C’est Maurice Barrès (1862-1923), qui chante « l’énergie créatrice, la sève du monde, l’inconscient » (Le Jardin de Bérénice, 1891), l’instinct des humbles et... le nationalisme. C’est le philosophe Ludwig Klages (1872-1956), proche de la révolution conservatrice allemande, dont l’essai L’Homme et la Terre (1913), l’un des premiers grands manifestes écologistes, postule que le cosmos est vivant, que le progrès est « un désir de meurtre inassouvi » et que le retour à la nature est salvateur. C’est l’Allemand Oswald Spengler (1880-1936), attaché à l’ordre, au devoir et à un socialisme « conservateur », qui, dans Le Déclin de l’Occident (1918), déplore la stérilité de la modernité et incite à trouver le salut collectif dans la considération du passé. Ces quelques exemples, tous représentatifs d’un courant à strictement parler réactionnaire, n’épuisent pas l’effervescence d’une pensée, souvent lyrique, qui fleurit jusque dans les années 1930, et dont ce qu’on n’ose appeler la « pensée New Age » fut une variation plus récente.
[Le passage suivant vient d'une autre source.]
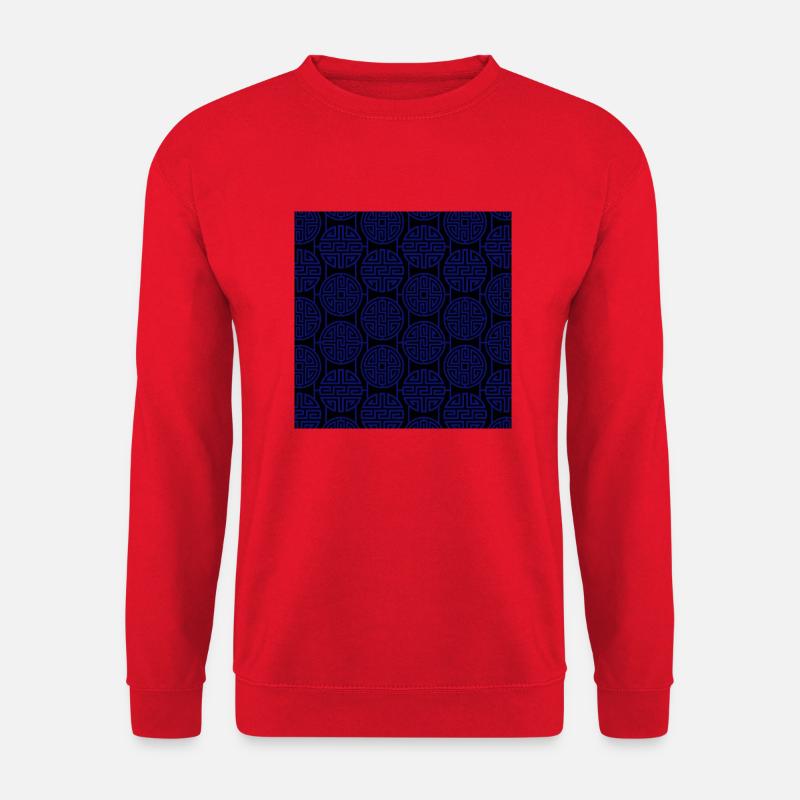 Chinese pattern - Unisex Sweatshirt - red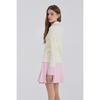 Goxo Smile Heart Double Collar Knit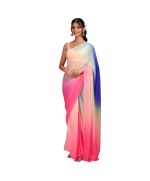 - Fancy Georgette multicolor saree - image 7 | Saree Palace Germany | Bazaa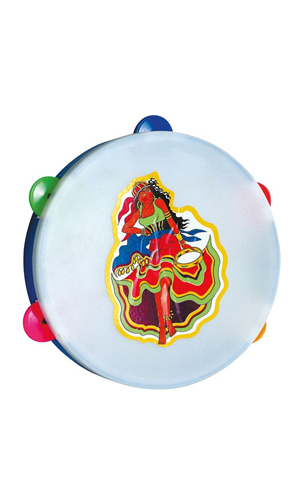 Tambourin avec cymbales plastique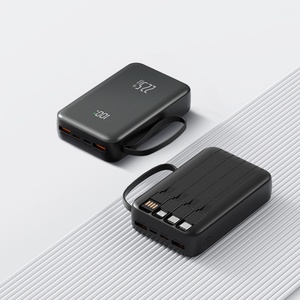 Banco de Energía Portátil Universal de 10000mAh/20000mAh con Carga Rápida PD20W y Cables Integrados para Teléfono - Product Image 6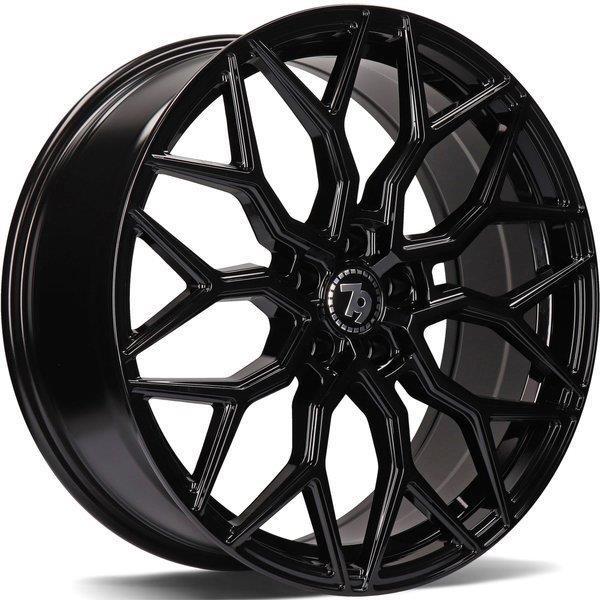 SV-K Black Glossy 7x16 4/100 ET38 CB67,1 60°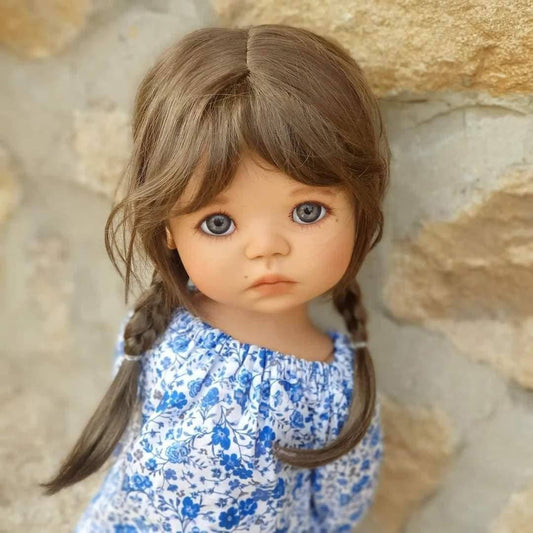 Custom doll WIG for meadowdolls -Vegan Mohair - fits 11-12" head size of dolls such as Og  Gotz BB Saffi meadowdolls Zazou Dolls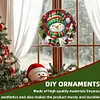 (US Local) DIY Xmas Diamond Painting Ornament with Clock Function Creative Craft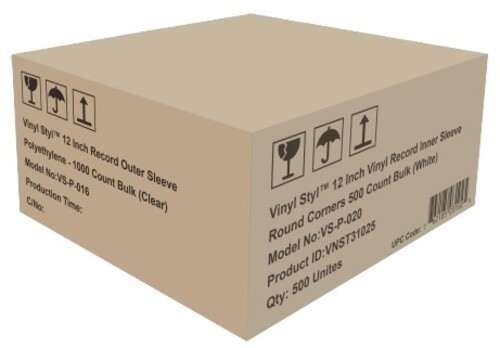 Vinyl Styl 12 LP Outer Slv Pe 1000 Cnt Bulk - Vinyl Styl 12 Lp Outer Slv Pe 1000 Cnt Bulk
Rechercher l’accès « direct » aux forces du vivant, toute subjectivité abolie, relève du fantasme mystique. Le théoriser engage sur la voie périlleuse qui préfère l’irrationnel à l’émancipation.
Onfray déclarait dans Le Point (9 mars 2005) « ne plus se faire avoir par les étiquettes ». Ce n’est guère aujourd’hui un signe d’originalité, mais c’est en revanche une recommandation à faire à ses lecteurs : l’athée farouche qu’il fut est désormais tout imprégné d’une spiritualité aussi vague que confuse ; le rationaliste qu’il se veut chante la louange de l’instinct silencieux ; le libertaire qu’il se proclame est devenu le héraut du respect des traditions."